Input data ->
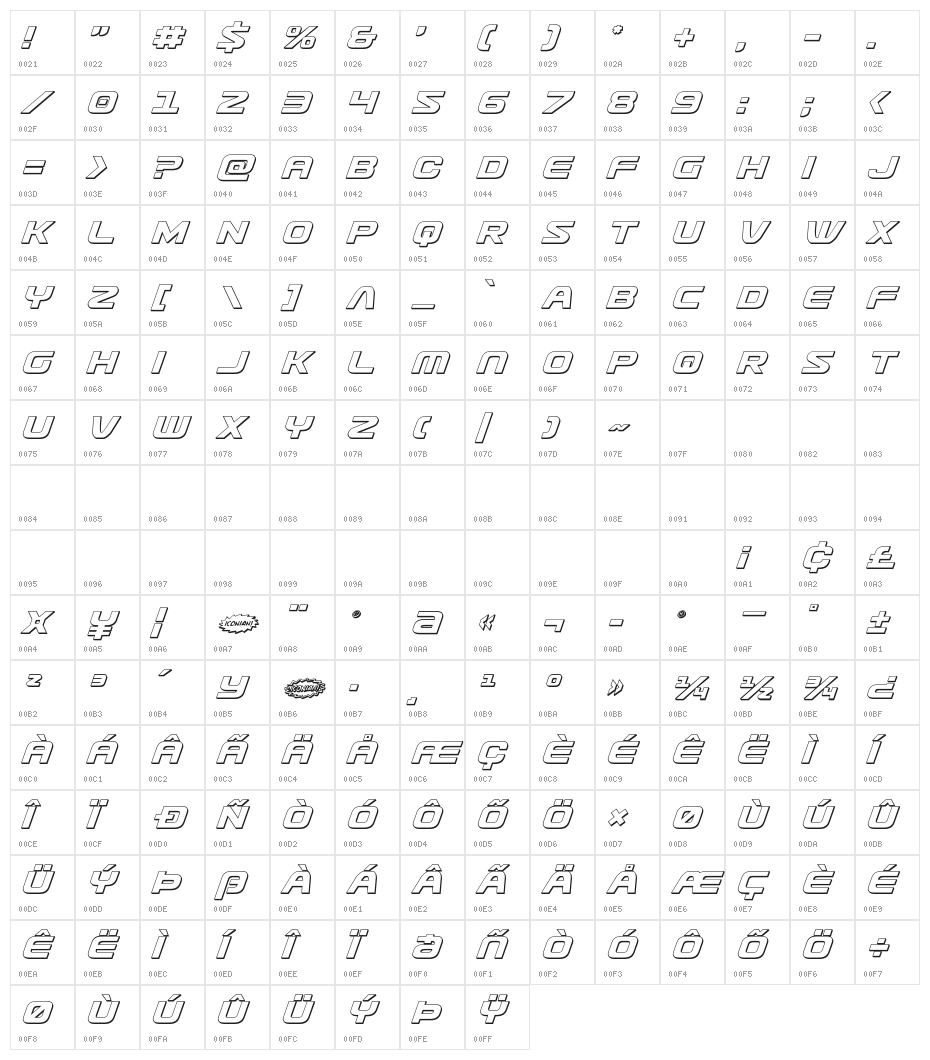 Usuzi 3D Italic Character Map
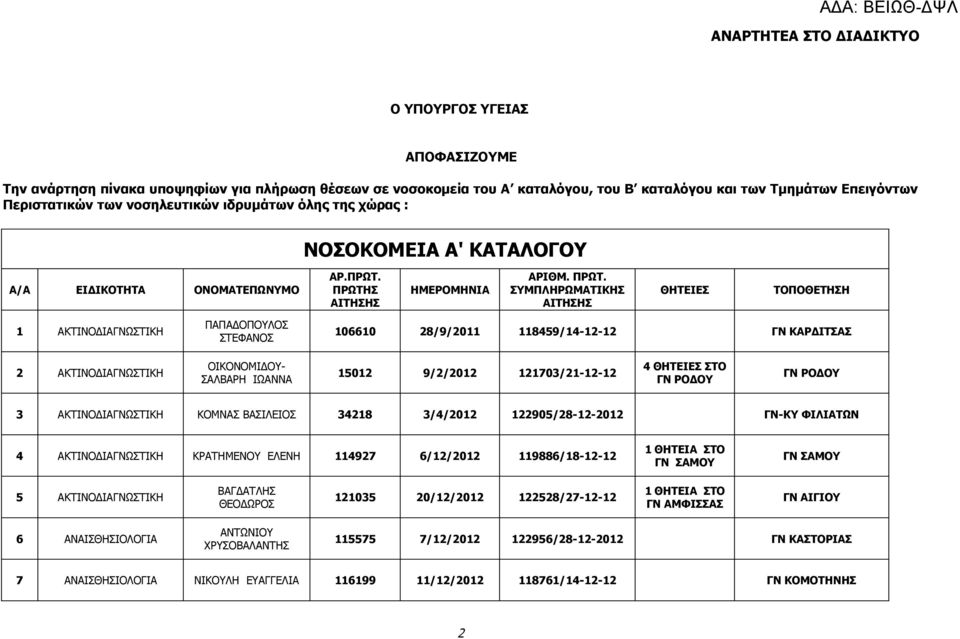 Σ ΑΙΤΗΣΗΣ ΗΜΕΡΟΜΗΝΙΑ ΑΡΙΘΜ. ΠΡΩΤ.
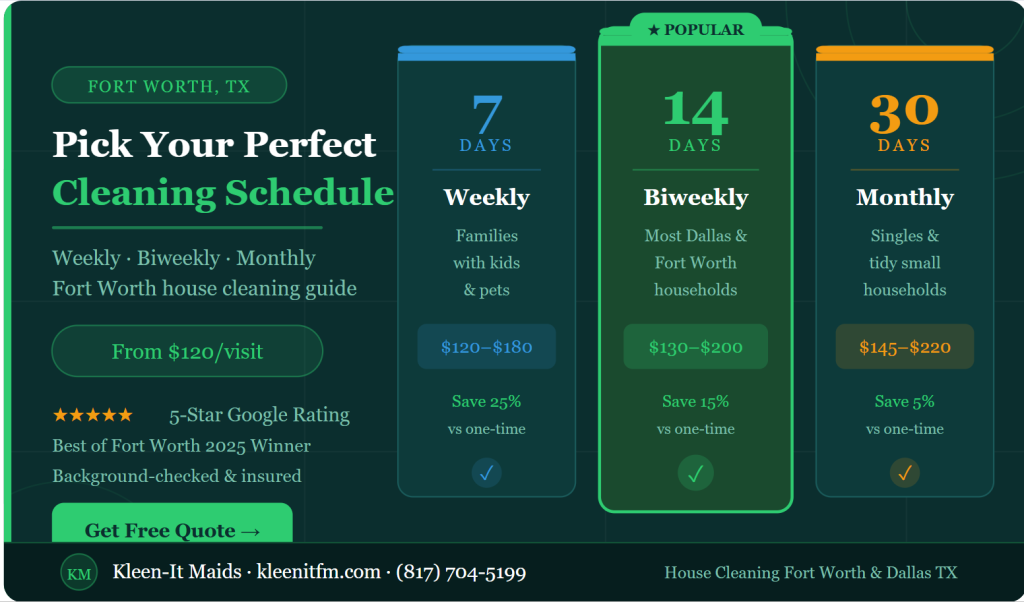 weekly biweekly monthly house cleaning schedule Fort Worth TX Kleen-It Maids guide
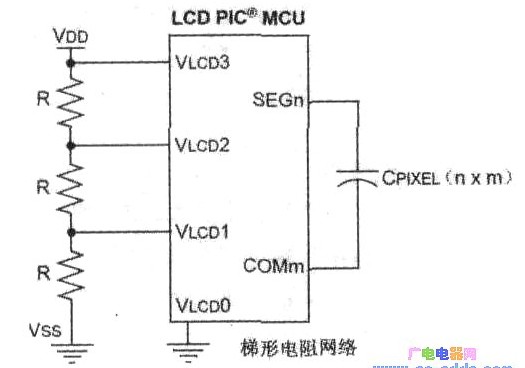 基于PIC单片机和LCD模块对电流的驱动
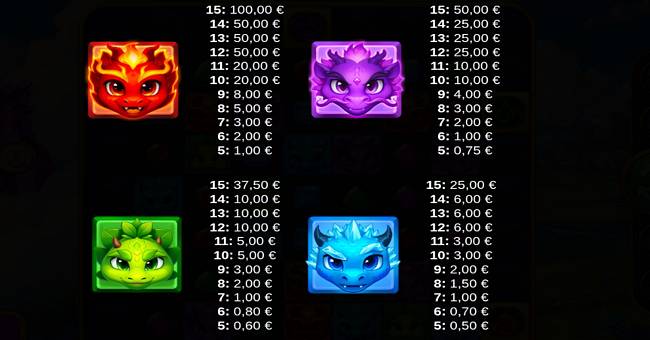 elemento dragons paytable 1 paytable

Description of the task ->
Write out the whole listing verbatim, images excluded.

Reply ->
 Usuzi 3D Italic Character Map
 Σ ΑΙΤΗΣΗΣ ΗΜΕΡΟΜΗΝΙΑ ΑΡΙΘΜ. ΠΡΩΤ.
 weekly biweekly monthly house cleaning schedule Fort Worth TX Kleen-It Maids guide
 基于PIC单片机和LCD模块对电流的驱动
 elemento dragons paytable 1 paytable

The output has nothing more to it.